Scan the data below for the string "Pants". Show every line where it turns up.

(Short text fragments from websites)
=== Section Start ===

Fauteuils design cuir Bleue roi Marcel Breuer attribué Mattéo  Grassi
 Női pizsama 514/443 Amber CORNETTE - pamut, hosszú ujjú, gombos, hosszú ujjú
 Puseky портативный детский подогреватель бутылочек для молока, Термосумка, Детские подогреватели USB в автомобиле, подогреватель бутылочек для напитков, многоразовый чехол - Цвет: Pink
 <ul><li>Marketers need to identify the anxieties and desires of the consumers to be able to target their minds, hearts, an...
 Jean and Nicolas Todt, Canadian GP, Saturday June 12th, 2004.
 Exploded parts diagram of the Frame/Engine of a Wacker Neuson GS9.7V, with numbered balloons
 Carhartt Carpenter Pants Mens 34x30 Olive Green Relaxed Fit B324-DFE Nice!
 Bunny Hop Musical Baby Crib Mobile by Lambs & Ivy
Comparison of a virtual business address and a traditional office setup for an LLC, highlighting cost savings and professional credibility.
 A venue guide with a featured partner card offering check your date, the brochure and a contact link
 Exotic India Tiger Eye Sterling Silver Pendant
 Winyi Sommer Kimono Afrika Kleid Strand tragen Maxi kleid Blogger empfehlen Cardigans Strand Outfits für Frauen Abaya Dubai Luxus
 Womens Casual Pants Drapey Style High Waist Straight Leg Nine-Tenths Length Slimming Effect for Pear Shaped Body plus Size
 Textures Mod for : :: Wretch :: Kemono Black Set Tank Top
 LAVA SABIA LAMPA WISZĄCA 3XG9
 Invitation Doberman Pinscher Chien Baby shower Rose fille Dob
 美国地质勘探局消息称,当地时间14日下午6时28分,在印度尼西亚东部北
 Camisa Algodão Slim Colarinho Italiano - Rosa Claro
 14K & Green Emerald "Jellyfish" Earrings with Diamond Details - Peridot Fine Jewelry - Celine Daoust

=== Section End ===

> **EXERCISE RESULT**:
 Carhartt Carpenter Pants Mens 34x30 Olive Green Relaxed Fit B324-DFE Nice!
 Womens Casual Pants Drapey Style High Waist Straight Leg Nine-Tenths Length Slimming Effect for Pear Shaped Body plus Size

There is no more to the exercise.